Holiday-season shoppers look for bargains in the video game section of… (John Raoux / Associated…)
WASHINGTON -- Consumer confidence plunged this month amid fears that politicians would be unable to resolve the fiscal cliff, triggering another recession next year, according to survey data released Friday.
The closely watched consumer sentiment index from Thomson Reuters and the University of Michigan tumbled in December to 72.9, the lowest level in five months, from 82.7 in November.
The latest figure is even lower than a preliminary December reading of 74.5 reported two weeks ago.
“Confidence is lost much more easily than it can be regained, and the pessimism created by not reaching a resolution before year-end will be difficult to reverse even if a settlement is reached soon after the start of 2013," said Richard Curtin, the survey's chief economist.
"Blaming one side or the other for failure will only increase pessimism as it reflects a dysfunctional system for setting economic policy," he said.

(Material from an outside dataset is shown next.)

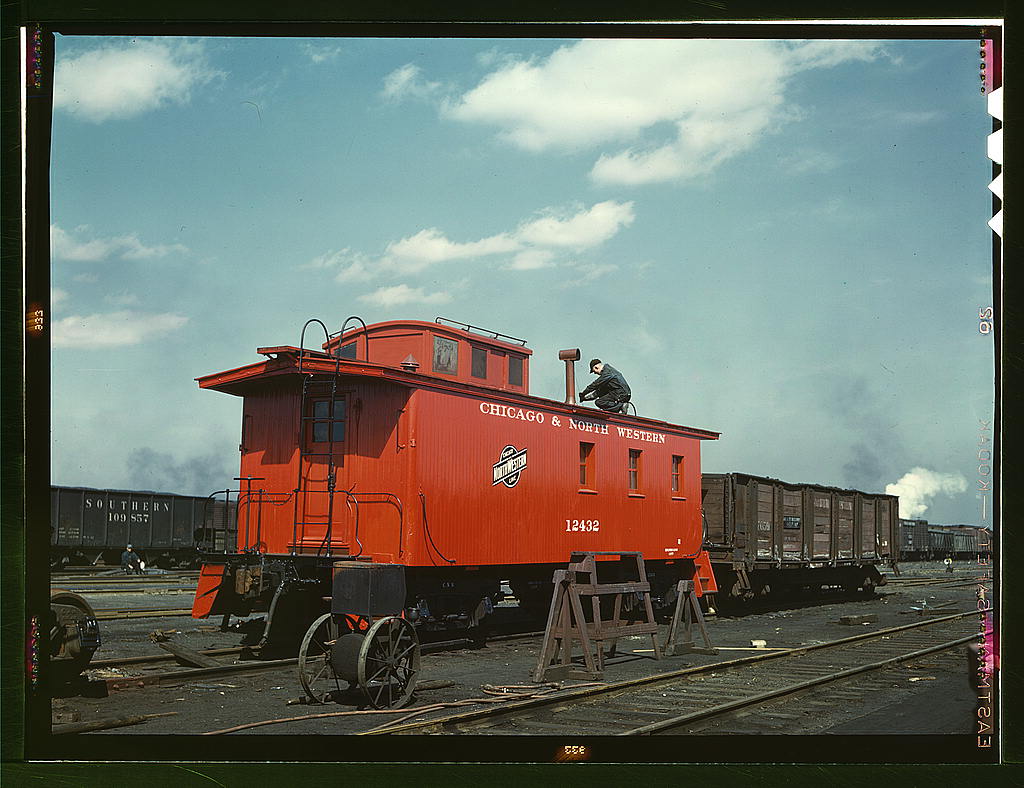 C & NW RR, putting the finishing touches on a rebuilt caboose at the rip tracks at Proviso yard, Chicago, Ill. (1943 April)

Consumers showed they were particularly fearful of the automatic tax increases set to come Jan. 1.
Those hikes on all Americans, as the George W. Bush-era tax cuts expire, will combine with automatic federal spending cuts to push the nation into recession, most economists say.
One out of four consumers contacted as part of the survey spontaneously mentioned hearing that higher taxes could be coming when asked to identify what economic news they had heard, the highest percentage of respondents since the survey began in 1946.
The consumer confidence level still is well above the index's level reached in August 2011, during the debate over raising the debt ceiling, when the gauge sank to 54.9, the lowest reading since 1980.